Climate experts — who accounted for about 17 per cent of respondents — take five flights per year on average, the study found, whereas researchers who specialise in other fields took four.
Climate scientists also fly more often for work than their peers, but take fewer international flights for personal reasons.
Air travel becomes more frequent with job seniority across all disciplines, with climate-change professors flying on average nine times per year, and those in non-climate disciplines flying eight times.
Although the difference isn’t enormous, it adds up to a “colossal amount of flying”, says Lorraine Whitmarsh, an environmental psychologist at the University of Bath, UK, who led the study. “These figures are really quite stark, I think, and should be a wake-up call for all of science.”
Part of the survey’s findings can be explained by the amount of fieldwork that climate research demands, Whitmarsh says, often in remote locations. But she and her colleagues accounted for this in their study, and still found that climate researchers travel by air more frequently.
International conferences might also have an influence, says Kim Cobb, a climate scientist at the Georgia Institute of Technology in Atlanta. Meetings to coordinate global mitigation efforts — such as of the Intergovernmental Panel on Climate Change — involve hundreds of researchers from different countries.
“You need to have a frequent series of meetings to keep up with the data, to advance our findings, to make sure that they are disseminated across the community,” says Cobb. She was shocked to find out that about 80 per cent of her personal carbon emissions in 2017 came from air travel. Since then, she’s been trying to fly less. “I have no plan to get on a plane again.”

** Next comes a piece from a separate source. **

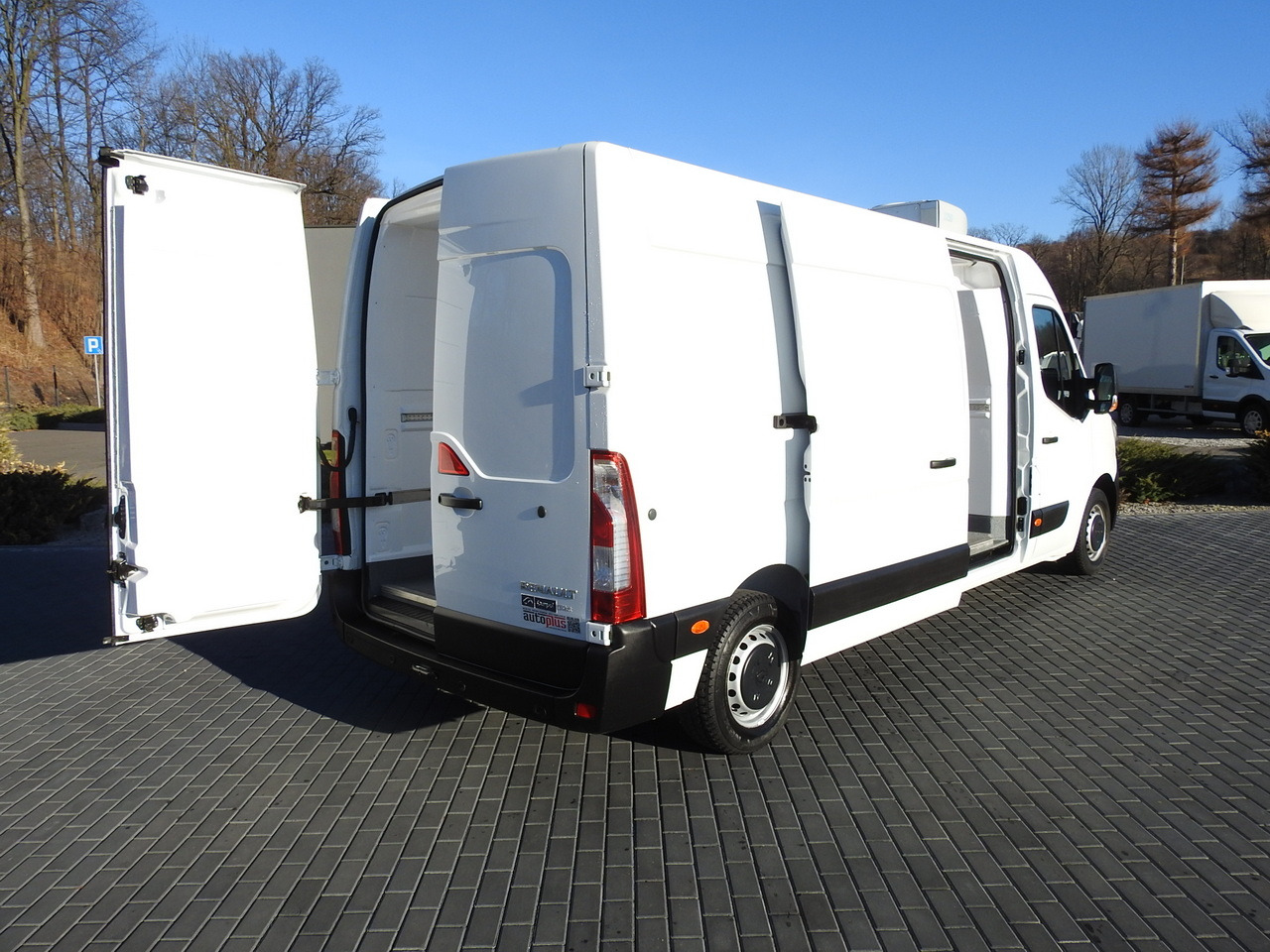 RENAULT MASTER REFRIGERATOR VAN -5*C HEATING FUNCTION POWER SUPPLY 230V AIR CONDITIONING LED LIGHTS 135HP - Refrigerated van: picture 3 RENAULT MASTER REFRIGERATOR VAN -5*C HEATING FUNCTION POWER SUPPLY 230V AIR CONDITIONING LED LIGHTS 135HP - Refrigerated van: picture 3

The study also showed that climate researchers are more likely to try to mitigate the damage of flying by buying carbon offsets. Some 44 per cent of climate scientists and 26 per cent of non-climate scientists said they had done this at least once. And almost 30 per cent of climate scientists said they had chosen not to travel for work because of the carbon footprint, compared with just 5 per cent of non-climate scientists.
“It doesn’t seem like we’ve fully shifted to flying less. But I think there’s a raised consciousness about it,” says Nadir Jeevanjee, an atmospheric physicist at the US National Oceanic and Atmospheric Administration in Princeton, New Jersey.